Continuous-Value Problems: Modelling Probabilities
Consider the sensor example above: If we assume, indepedently of temperature, the probability of measurement error to be independently Gaussian distributed with a standard deviation > 20 °C, then a value somewhere between 60 °C and 34 °C becomes probable. But if we assumed measurement error to have a standard deviation of 2.9 °C, then it's extremely unlikely that both the first and second sensor are off by this much, and the most probable value will be somewhere between 60°C and 65°C.
Things get more complicated if you know that it's much more likely that your temperature is between 25 °C and 45°C, so that your error probability densities depend on the actual temperature.
Methodology
In all these cases, a designer would:
- model the probability distribution of the true value, the probability density functions of each sensor, and if the sensor have correlated errors, joint probability density functions
- find a good estimator for the use case based that can convert any triplet of values to a good estimate of the true value, based on the model in 1.

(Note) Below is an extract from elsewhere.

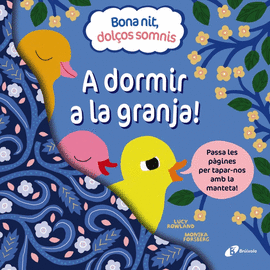 BONA NIT, DOLOS SOMNIS. A DORMIR A LA GRANJA!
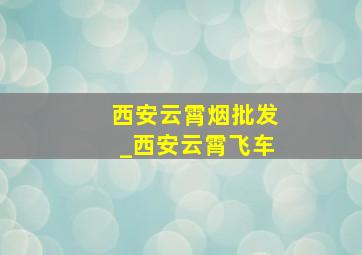 西安云霄烟批发_西安云霄飞车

- find an implementation of that in digital logic; if that logic ends up being very complete, they might modify the estimator from 2. to be easier but suboptimal.
Applying the Methodology to Binary I.I.D. Decision Problems
Going back to the very beginning of this answer, for your three binary outputs, these three steps would have been:
- \$P_{err} = \text{const.}\$ for all three sensors. They are independent, so no crosscorrelation, the joint probability of the error of all three is just the product of the individual error probabilities.
- We look for the estimator that is most likely to give the right answer. That's the majority vote.
- We implement that with a majority gate. Which is simple enough, and we're done.
Outlook
Where you find that problem all of the time is digital communications! By the very principle of it, all communications is based on noisy observation, and finding the most likely transmitted symbol, considering only what noisy stuff we observed, is the decision problem. We help by building the transmitting system such that we transmit additional redundant data, that a forward error correcting logic at the receiver can use to (approximate) a maximum likelihood observation.
This is sometimes also done in redundancy/reliability engineering, if the problem allows for independent observation which one can use to actually build a error correcting mechanism. It is ubiquitous in quantum computers, where you need so-called quantum stabilizer codes, and apply all your computations to all redundant elements of these redundancy-carrying form of the underlying problem. But quantum computing a) needs that very much by principle of what is "quantum" and b) has the rather rare property that the logic elements that it's made of inherently allow for independent non-destructive modification until an observation of the error-corrected result yields insight on the (most likely) correct answer. That's not as common for a flight computer, or other things where you'd use majority voting methods.